Hang/soft lockup in d_invalidate with simultaneous calls
diff mbox

Message ID CACGdZYJBAYz3MXb18i=T91hD5TNFvCXUJH7ByvnJC1BTxjq6pA@mail.gmail.com
State New
Headers show

Commit Message

Khazhismel Kumykov May 16, 2017, 12:05 a.m. UTC
Hi,

I'm seeing behavior in d_invalidate, if multiple threads call d_invalidate on
the same tree at the same, behavior time blows up and all the calls hang with
large enough trees/enough simultaneous callers. (e.g. a directory w/ 100k
entries in d_subdir, and 5 or so threads calling d_invalidate was able to hang
my test VMs)

This seems to be due to thrashing on the dentry locks in multiple threads
tightly looping calling d_walk waiting for a shrink_dentry_list call (also
thrashing the locks) to complete. (d_invalidate loops calling d_walk so long as
any dentry in the tree is in a dcache shrink list).

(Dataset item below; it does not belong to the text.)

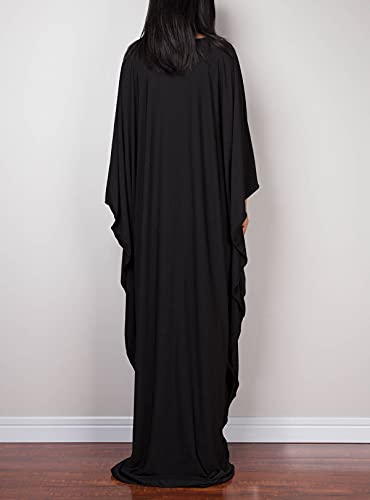 Image of RanRui Caftans for Women Solid Color Chiffon Plus Size Kaftan Dresses Beach Cover Up V Neck Batwing Sleeve Caftans Loungewear
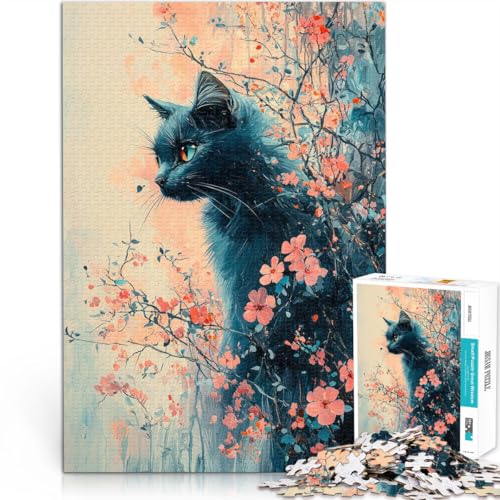 Lernspielzeug für die ganze Familie Schwarze Katze in Blüten 1000-teilige Puzzles für Teenager 26x38cm Heimdekoration Spielzeug Lernspielzeug für die ganze Familie Schwarze Katze in Blüten 1000-teilige Puzzles für Teenager 26x38cm Heimdekoration Spielzeug von LGNBTGM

There was a similar report recently "soft lockup in d_invalidate()" that
proposed in the d_invalidate d_walk to ignore dentries marked as in a shrink
list already, which does prevent this hang/lockup in this case as well, although
I'm not sure it doesn't violate the contract for d_invalidate. (Although the
entries in a shrink list should be dropped eventually, not necessarily by the
time d_invalidate returns).

If someone more familiar with the dcache could provide input I would appreciate.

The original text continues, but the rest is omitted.